This October, late in the month I was sitting on the couch in the living room watching TV one evening when I heard a loud buzzing sound coming from somewhere. The sound was familiar in a way, but a little strange at the same time. I chalked it up to someone in the building drilling a hole in the wall or something. But the sound persisted, and I got up to investigate.
I went to the window, it didn’t seem to be coming from outside.
Then I went to the kitchen to get a glass of water, and as I entered the kitchen the sound got louder. It was coming from the refrigerator.
When we looked at the apartment three years ago it had a filthy aging one-door refrigerator. It was small, owing to limited space in the kitchen for a fridge and stove. The stove didn’t look as old, but it was even filthier
We told the landlord we would take the apartment if she got us brand new appliances and the fridge had to be bigger. And she agreed.
The new fridge didn’t quite fit in the allotted space, as the built in “breakfast nook” was two inches too long. The super just left it standing in the kitchen in front of the sink.
I called the landlord and she said, “You’re a handyman. Figure it out.”
So I got a hammer and my mini-pry bar and pulled the ugly brown molding off of one end of the breakfast nook, and our brand new GE 15.5 Cu. Ft. refrigerator slid right in. We loved it. It was just big enough for two people.
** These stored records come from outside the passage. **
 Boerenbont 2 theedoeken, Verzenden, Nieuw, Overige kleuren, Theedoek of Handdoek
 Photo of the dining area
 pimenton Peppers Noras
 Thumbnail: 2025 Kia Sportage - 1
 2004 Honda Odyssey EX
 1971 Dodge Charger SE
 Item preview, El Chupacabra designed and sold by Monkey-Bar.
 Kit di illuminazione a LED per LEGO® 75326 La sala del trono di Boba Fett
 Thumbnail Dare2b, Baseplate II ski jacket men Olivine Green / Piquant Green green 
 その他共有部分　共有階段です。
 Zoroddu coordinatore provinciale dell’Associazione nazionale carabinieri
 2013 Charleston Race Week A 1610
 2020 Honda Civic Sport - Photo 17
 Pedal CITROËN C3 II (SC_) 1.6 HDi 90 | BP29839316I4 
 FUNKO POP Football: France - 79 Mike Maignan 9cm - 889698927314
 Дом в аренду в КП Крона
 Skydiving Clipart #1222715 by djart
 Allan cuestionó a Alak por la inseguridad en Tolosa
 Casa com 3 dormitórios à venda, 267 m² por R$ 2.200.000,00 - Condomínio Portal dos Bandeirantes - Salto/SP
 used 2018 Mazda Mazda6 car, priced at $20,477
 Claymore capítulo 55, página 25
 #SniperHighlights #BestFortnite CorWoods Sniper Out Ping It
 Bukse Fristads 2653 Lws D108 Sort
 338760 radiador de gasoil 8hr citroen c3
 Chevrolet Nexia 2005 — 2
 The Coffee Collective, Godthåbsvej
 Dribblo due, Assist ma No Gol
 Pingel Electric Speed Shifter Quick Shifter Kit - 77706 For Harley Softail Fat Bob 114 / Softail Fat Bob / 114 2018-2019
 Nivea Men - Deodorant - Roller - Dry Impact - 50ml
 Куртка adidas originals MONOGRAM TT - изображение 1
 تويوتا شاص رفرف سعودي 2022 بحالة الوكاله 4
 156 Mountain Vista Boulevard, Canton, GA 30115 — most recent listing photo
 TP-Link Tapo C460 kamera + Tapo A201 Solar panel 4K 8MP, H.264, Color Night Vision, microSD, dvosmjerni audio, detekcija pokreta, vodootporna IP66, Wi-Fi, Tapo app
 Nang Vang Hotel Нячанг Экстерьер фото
The one we had in out previous apartment was a big 22 Cu. Ft. fridge, and the freezer was mostly empty despite my penchant for buying meat on sale for cheap and freezing it. It was just too big for two adults.
So we’ve been very happy with the fridge, until that night in late October.
The buzzing sound was coming from inside the freezer. I found that if I slammed the freezer door hard enough, the sound would stop. Sometimes it stayed quiet; sometimes it would start buzzing again right away. But it would always, always buzz when the compressor kicked in for a cycle.
I thought it was amazing that it would go on the blink almost three years to the day of purchase, right after the factory warranty expired.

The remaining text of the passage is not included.